The period of seven weeks, from Tisha B’Av to Rosh Hashanah, is the time allotted to us to rebuild and start anew. This year is different. Even the rock bottom of Tisha B’Av is still wobbling and not stable enough on which to build. Perhaps this is the meaning of the opening of Psalm 24: “The earth is the Lord’s and all that it holds, the world and its inhabitants. For He founded it upon the seas, and established it upon the floods.” Like many rabbis, I decided to dedicate these seven weeks to preparing for the High Holidays and to talking about them to my students and congregants. So what message is appropriate for this year?
Rosh Hashanah is naturally associated with the beginning – the first covenant, with Abraham. This gave birth to the idea of dedicating each of the seven weekly Lunch and Learn sessions to one of the three patriarchs or four matriarchs — Abraham, Isaac and Jacob; Sarah, Rebecca, Rachel and Leah. Perhaps we can find a message there. What guided each of them and propelled them to perpetuate their relationship with God and to build the Jewish people?

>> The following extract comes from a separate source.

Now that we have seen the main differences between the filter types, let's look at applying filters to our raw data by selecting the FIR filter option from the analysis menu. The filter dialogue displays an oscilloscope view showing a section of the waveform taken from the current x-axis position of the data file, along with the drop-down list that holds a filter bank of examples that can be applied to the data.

So far we’ve discussed Abraham, Sarah, and Isaac. One of the clues about their journey is that they lived their lives with a sense of mission. They, and therefore we, believe in a destination — going from one point to another. Even if that point is allusive, we continue forward. Furthermore, our forbearers teach us that, as each of them, each of us has a unique covenant, a unique conversation with God. It is up to each of us to trod our own mysterious path.

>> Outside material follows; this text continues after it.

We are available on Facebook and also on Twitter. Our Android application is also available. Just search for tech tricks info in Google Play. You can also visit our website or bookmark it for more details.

As we begin the month of Elul, the month of repentance — Teshuvah — “I return to My beloved, and My beloved returns to me.” As we read in Isaiah 54, the Haftarah for the fourth week of consolation leading to Rosh Hashanah: “For the mountains may move and the hills be shaken, but my loyalty shall never move from you, nor My covenant of friendship be shaken — said the Lord, who takes you back in love.” Basically, the covenant with God is a marriage that may experience a period of separation but will never result in the breaking of the matrimony.

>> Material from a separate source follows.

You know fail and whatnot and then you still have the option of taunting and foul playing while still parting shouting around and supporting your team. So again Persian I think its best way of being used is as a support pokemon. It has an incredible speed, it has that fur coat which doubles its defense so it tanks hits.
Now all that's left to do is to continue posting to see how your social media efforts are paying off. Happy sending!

In the next four weeks, we will continue to explore the paths of the matriarchs and patriarchs, to study the contribution each offers to the Jewish continuum and, moreover, how each shows us how to view our own individual contributions. Once a year, we see an ingathering of all types of Jews — the Abrahams, the Sarahs, the Isaacs, the Rebeccas, the Jacobs, the Leahs, and the Rachels. We welcome them all.
This year, we will celebrate the holidays mainly online. With the help of God and Zoom, we will overcome the inherent obstacles, and enjoy the benefits of expanding our space. And although we will meet differently, we will still meet to affirm our covenants — all of them.
Looking forward to seeing all of you with us in the new year — 5781.